Required work ▸ Without the pictures, set down everything in the listing exactly.

Data extracts ▸
★ ★ ★ ★ ★
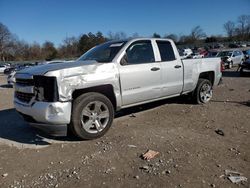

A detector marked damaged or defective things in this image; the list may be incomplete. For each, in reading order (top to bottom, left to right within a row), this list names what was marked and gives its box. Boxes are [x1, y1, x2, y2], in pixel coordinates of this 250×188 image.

damaged bumper [14, 100, 71, 136]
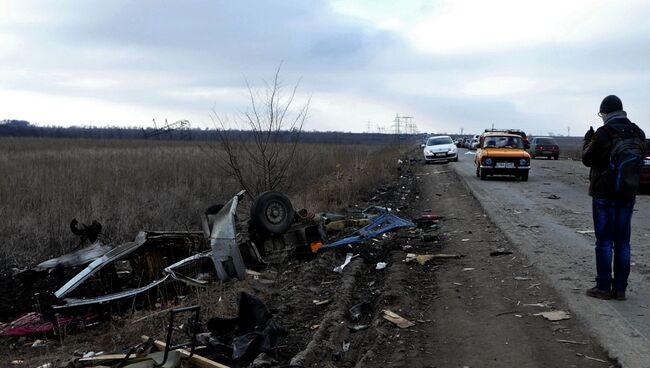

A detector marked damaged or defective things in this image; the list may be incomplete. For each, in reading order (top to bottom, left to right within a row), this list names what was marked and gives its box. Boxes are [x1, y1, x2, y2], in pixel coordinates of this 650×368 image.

detached wheel [248, 191, 294, 234]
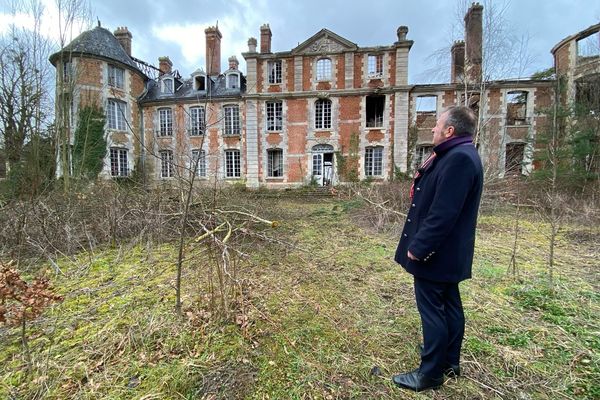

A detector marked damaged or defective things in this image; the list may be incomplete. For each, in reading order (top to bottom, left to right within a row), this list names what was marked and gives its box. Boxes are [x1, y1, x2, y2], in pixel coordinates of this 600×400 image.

burnt roof section [49, 25, 143, 73]
broken window [576, 30, 600, 61]
burnt roof section [141, 72, 246, 103]
broken window [266, 101, 282, 131]
broken window [314, 99, 332, 129]
broken window [366, 95, 384, 127]
broken window [506, 91, 528, 126]
broken window [576, 74, 600, 112]
broken window [110, 148, 129, 177]
broken window [225, 149, 241, 177]
broken window [268, 148, 284, 177]
broken window [364, 146, 382, 176]
broken window [504, 143, 524, 176]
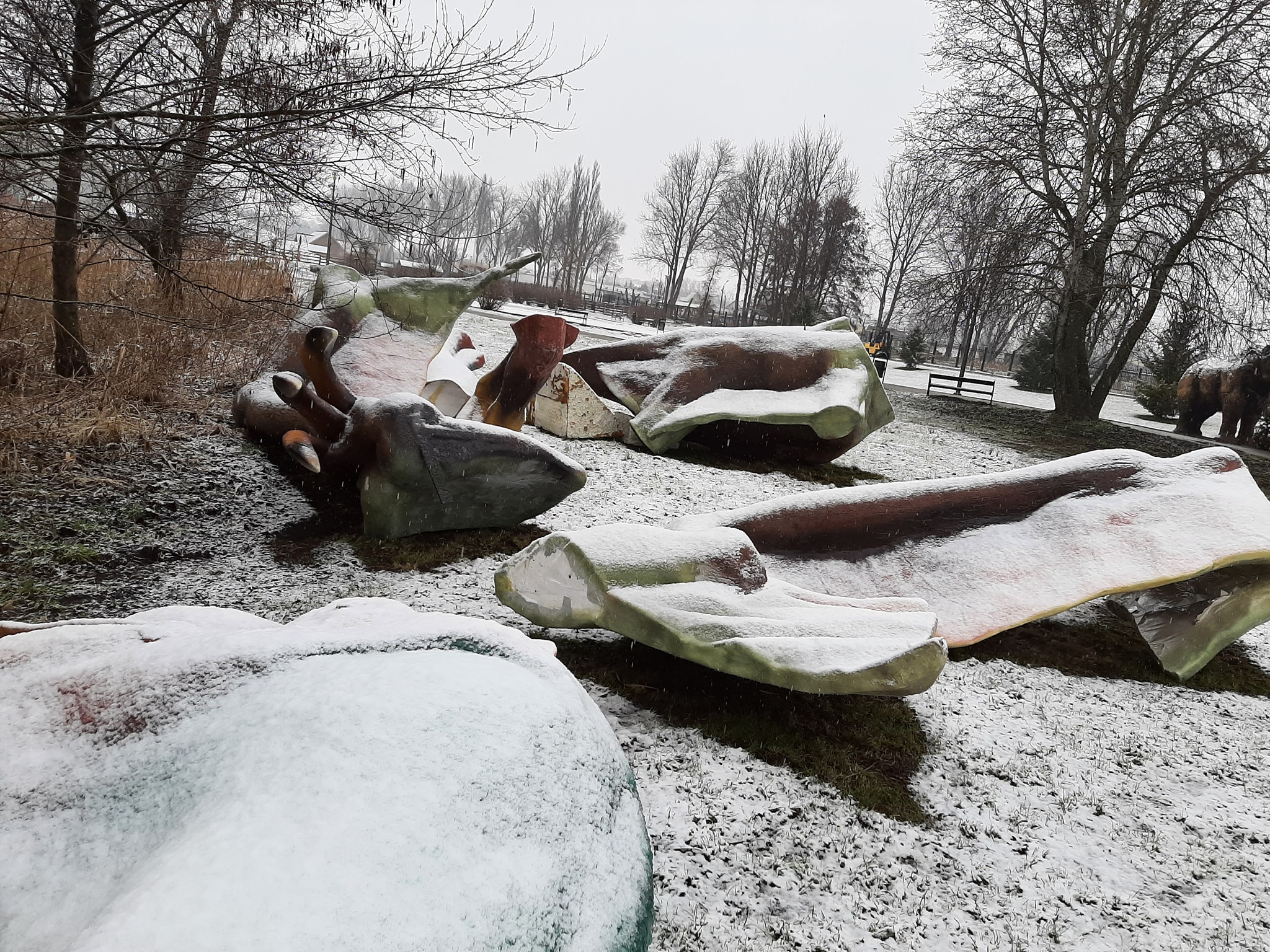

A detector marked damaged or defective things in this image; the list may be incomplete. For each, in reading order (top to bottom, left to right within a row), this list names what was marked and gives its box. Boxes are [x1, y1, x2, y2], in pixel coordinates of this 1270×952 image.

broken dinosaur sculpture [268, 327, 589, 540]
broken dinosaur sculpture [556, 327, 894, 464]
broken dinosaur sculpture [495, 522, 944, 695]
broken dinosaur sculpture [670, 452, 1270, 680]
broken dinosaur sculpture [0, 599, 655, 949]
★ ★ ★ ★ ★
Finished task ▸
A detector marked damaged or defective things in this image; the list may be incomplete. For each, in reading order (top to bottom, left to right within a row), this list names what was marked and gives its box. Boxes are [x1, y1, x2, y2], in pixel coordinates of this 250×188 image.

damaged bumper [14, 100, 71, 136]

A detector marked damaged or defective things in this image; the list may be incomplete. For each, in reading order (top to bottom, left to right within a row), this list names what was marked and gives its box. Boxes are [x1, y1, x2, y2], in pixel coordinates of this 650×368 image.

detached wheel [248, 191, 294, 234]

A detector marked damaged or defective things in this image; the list may be incomplete. For each, in reading order (top to bottom, left to right within a row), this list names what was marked and gives its box. Boxes are [x1, y1, x2, y2], in pixel coordinates of this 600×400 image.

burnt roof section [49, 25, 143, 73]
broken window [576, 30, 600, 61]
burnt roof section [141, 72, 246, 103]
broken window [266, 101, 282, 131]
broken window [314, 99, 332, 129]
broken window [366, 95, 384, 127]
broken window [506, 91, 528, 126]
broken window [576, 74, 600, 112]
broken window [110, 148, 129, 177]
broken window [225, 149, 241, 177]
broken window [268, 148, 284, 177]
broken window [364, 146, 382, 176]
broken window [504, 143, 524, 176]

A detector marked damaged or defective things in this image; the list may be incomplete. For each, in reading order (top to bottom, left to right within a row), this list names what was marked and gives its box. Boxes are [x1, y1, x2, y2], in pixel coordinates of this 1270×952 image.

broken dinosaur sculpture [268, 327, 589, 540]
broken dinosaur sculpture [556, 327, 894, 464]
broken dinosaur sculpture [495, 522, 944, 695]
broken dinosaur sculpture [670, 452, 1270, 680]
broken dinosaur sculpture [0, 599, 655, 949]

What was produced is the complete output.